* Listed entries
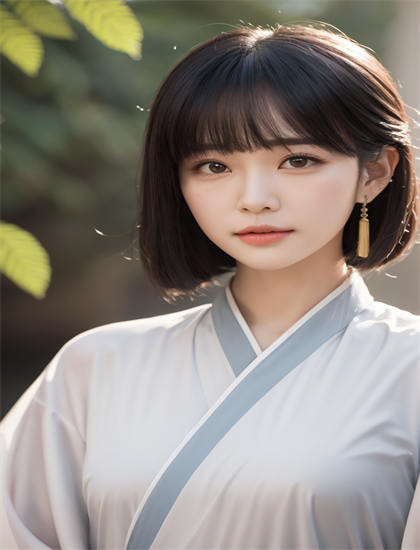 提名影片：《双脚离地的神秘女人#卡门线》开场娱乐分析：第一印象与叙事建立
...
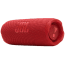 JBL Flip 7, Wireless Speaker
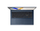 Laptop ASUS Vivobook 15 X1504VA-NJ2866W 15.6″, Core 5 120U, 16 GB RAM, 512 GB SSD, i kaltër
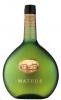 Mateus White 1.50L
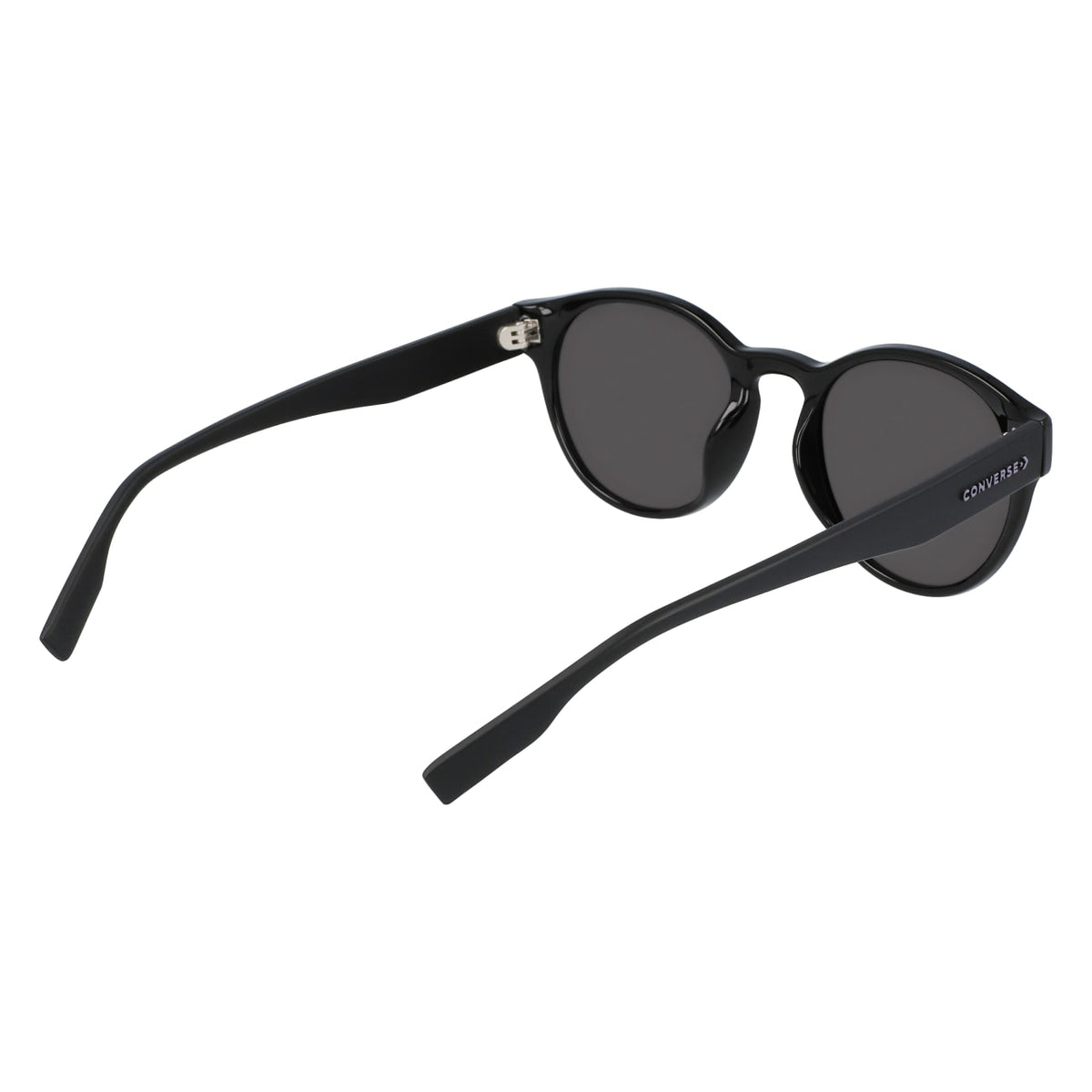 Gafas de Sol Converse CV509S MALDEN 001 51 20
---
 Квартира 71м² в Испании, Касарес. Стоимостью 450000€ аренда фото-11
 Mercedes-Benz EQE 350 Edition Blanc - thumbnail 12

* Exercise description
Could you reproduce exactly the lines of the entries above, from the one with "Квартира 71м² в" through the one with "Mercedes-Benz EQE 350", and nothing else?

* Task output
 Квартира 71м² в Испании, Касарес. Стоимостью 450000€ аренда фото-11
 Mercedes-Benz EQE 350 Edition Blanc - thumbnail 12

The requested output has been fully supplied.